The growing amounts of data that are being generated due to such trends as the Internet of Things (IoT) and cloud computing have naturally beget the need for data scientists who can collect, analyze and, most importantly, interpret these massive stockpiles of complex information to help their companies more quickly and accurately make better business decisions to give them a competitive edge over competitors and to improve their operations and make them more efficient.
That in turn has created something of a land rush in what’s become a rapidly expanding data science platform market of more than a dozen vendors that range from established companies like IBM, Google, Microsoft and SAS to an array of smaller, younger pure-plays.
The goal of all of these companies is to give these data scientists a single place to develop and run algorithms, use machine learning to help build predictive models and then deploy those models into their businesses’ operations. IBM offers such products as SPSS Modeler and SPSS Statistics as well as its two-year-old Data Science Experience, a set of tools around such aspects as machine learning via the vendor’s Watson cognitive computing technology and the R programming language, through the open-source RStudio offering. SAS has its Visual Suite for data visualization, prep, analytics and model building, while Microsoft offers its Azure Machine Learning platform as part of the cloud-based Cortana Intelligence Suite and Microsoft R for those who want to code in R. Other names in the space include H2O, RapidMiner, Angoss, Knime and Dataiku.
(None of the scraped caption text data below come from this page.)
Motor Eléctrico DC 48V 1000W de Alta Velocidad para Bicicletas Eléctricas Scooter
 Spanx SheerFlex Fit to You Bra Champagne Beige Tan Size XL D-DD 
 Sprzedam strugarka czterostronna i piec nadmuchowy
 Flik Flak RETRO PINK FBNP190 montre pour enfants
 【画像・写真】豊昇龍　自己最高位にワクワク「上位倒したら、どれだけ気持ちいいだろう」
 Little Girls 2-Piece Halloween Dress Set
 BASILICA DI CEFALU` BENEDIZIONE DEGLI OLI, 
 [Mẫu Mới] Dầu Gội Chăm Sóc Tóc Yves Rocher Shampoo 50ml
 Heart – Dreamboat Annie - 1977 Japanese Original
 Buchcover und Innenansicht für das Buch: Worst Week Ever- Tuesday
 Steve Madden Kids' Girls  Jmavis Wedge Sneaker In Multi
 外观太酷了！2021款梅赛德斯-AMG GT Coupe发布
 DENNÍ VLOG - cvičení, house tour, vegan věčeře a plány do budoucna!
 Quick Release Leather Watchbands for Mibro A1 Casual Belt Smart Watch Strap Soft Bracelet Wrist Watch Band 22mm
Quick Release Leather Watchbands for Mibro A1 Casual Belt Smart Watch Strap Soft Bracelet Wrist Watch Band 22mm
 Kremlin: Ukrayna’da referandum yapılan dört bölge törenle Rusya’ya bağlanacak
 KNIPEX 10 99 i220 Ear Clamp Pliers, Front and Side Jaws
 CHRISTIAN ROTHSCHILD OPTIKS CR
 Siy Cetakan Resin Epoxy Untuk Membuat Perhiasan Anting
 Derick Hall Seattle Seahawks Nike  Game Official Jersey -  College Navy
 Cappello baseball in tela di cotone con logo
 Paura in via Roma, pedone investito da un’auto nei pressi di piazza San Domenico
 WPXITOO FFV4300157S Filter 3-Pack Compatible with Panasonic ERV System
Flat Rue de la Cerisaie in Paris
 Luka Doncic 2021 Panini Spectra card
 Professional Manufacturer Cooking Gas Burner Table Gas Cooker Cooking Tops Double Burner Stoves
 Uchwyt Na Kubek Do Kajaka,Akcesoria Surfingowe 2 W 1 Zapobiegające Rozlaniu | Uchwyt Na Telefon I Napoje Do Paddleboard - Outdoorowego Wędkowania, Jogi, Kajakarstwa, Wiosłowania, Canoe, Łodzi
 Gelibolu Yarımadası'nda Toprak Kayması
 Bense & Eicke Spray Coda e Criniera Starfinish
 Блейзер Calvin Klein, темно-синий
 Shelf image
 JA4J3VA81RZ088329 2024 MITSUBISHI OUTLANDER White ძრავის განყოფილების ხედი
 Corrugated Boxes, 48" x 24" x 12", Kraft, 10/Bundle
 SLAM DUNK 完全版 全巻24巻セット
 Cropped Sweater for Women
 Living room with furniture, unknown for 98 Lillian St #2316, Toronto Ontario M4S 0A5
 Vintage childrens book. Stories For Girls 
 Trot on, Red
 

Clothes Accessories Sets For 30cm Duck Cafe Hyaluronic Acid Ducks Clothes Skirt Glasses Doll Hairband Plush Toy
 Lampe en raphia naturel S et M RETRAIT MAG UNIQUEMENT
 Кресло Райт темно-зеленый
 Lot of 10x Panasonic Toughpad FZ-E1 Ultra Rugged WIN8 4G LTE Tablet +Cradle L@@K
Add to this list Domino Data Lab, a five-year old company backed by $40.5 million in funding from the likes of Sequoia, Coatue Management, and Zetta Venture Partners. The company was founded by three former employees of Bridgewater Associates, a massive investment firm that relied heavily on data science techniques in its operations. The three Domino founders, CEO Nick Elprin, CTO Chris Yang, and board member Matthew Granade, were responsible for building and testing predictive models at Bridgewater and putting them into production so they could be used in financial trades.
“Bridgewater as a hedge fund ran all of their investment strategies on predictive models,” Elprin tells The Next Platform. “There are other hedge funds that do that, but Bridgewater is probably one of the first and the biggest and the most successful to do that. All of their investment strategies were driven by predictive model algorithms that data scientists at Bridgewater built and developed over years and years and years and continuously improved. … What we saw there was, how do you really put predictive models at the heart of the business? How do you run your business on models? At Bridgewater, that was literally what the business did. It was to generate these investments. When we started Domino, we saw more and more of these organizations that were really interested in data science but sort of viewing data science as a technical skill. ‘We’ve got to hire some PhDs and we’ve got to give them these fancy algorithms and tools to work with,’ and what we saw was a need for someone to help build technologies and platforms and help companies understand how to put models at the heart of their business as a broad, organizational capability.”
He noted a recent survey by Domino that found that 90 percent of companies want to use data science in their businesses, but only 11 percent had 50 or more models in production settings, and 30 percent had more than five. By comparison, Bridgewater has thousands in production, and other major companies like Amazon Web Services (AWS) and Netflix have hundreds to thousands. Being a model-driven business means having many such predictive models being at the core of the business. A challenge for companies in embracing data science is that too many times they view data science being similar to software engineering.
“Many of these data scientists are writing code and [companies say], ‘We’ve got systems for writing code, we’ve got tools we use for engineering,’ so they try to reuse the same message, tools and platforms as they were using in the generations past, as they were doing software development or doing big data work,” Elprin says. “Our point of view is that models are inherently different. They’re a new kind of species in the business. They’re not software, they’re not data, they’re not BI [business intelligence] and dashboards. They’re a different kind of thing. As a result, they call for a different set of capabilities and platforms and processes to effectively manage them, to get them deployed into production, to govern them and to collaborate on them.”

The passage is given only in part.